To do
Type out the listing below exactly. Pictures stay out of it.

Recorded information

•••

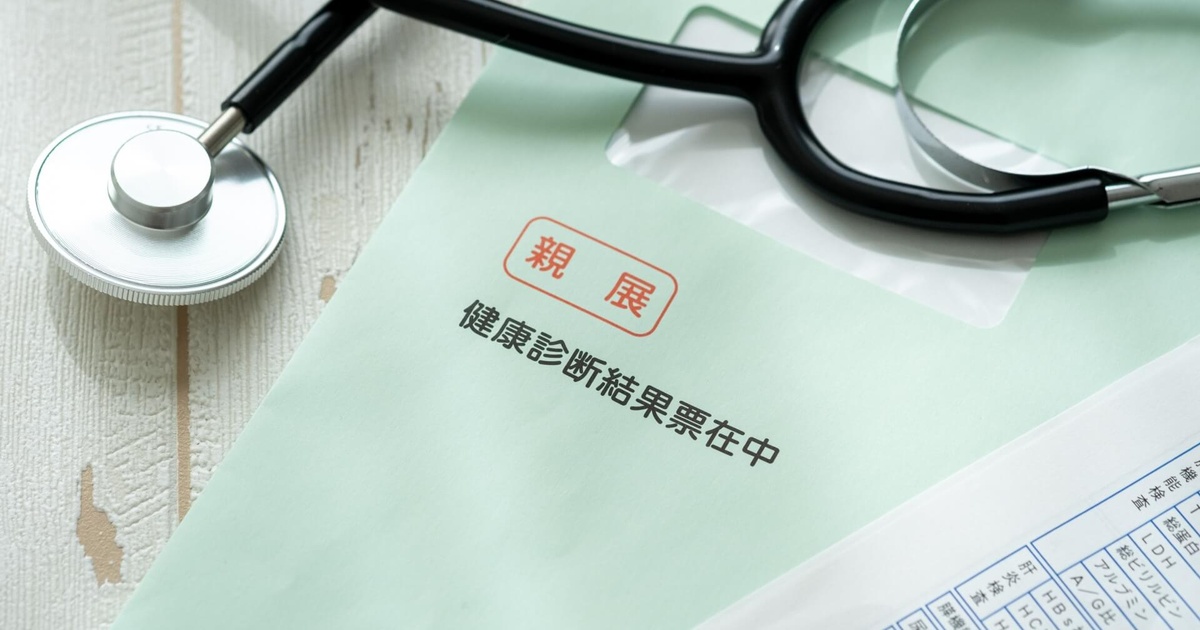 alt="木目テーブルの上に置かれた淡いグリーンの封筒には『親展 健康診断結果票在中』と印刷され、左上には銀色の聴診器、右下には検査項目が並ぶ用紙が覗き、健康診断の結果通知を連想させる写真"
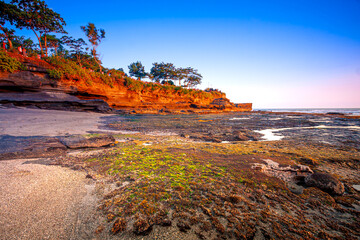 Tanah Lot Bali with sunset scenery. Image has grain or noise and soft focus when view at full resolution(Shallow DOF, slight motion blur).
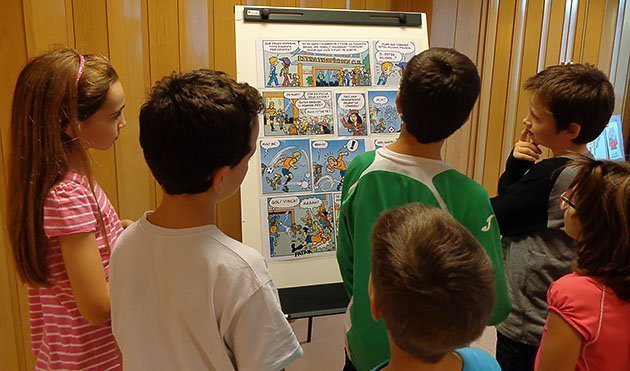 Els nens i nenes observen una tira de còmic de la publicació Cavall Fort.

•••

Reply to the exercise
 alt="木目テーブルの上に置かれた淡いグリーンの封筒には『親展 健康診断結果票在中』と印刷され、左上には銀色の聴診器、右下には検査項目が並ぶ用紙が覗き、健康診断の結果通知を連想させる写真"
 Tanah Lot Bali with sunset scenery. Image has grain or noise and soft focus when view at full resolution(Shallow DOF, slight motion blur).
 Els nens i nenes observen una tira de còmic de la publicació Cavall Fort.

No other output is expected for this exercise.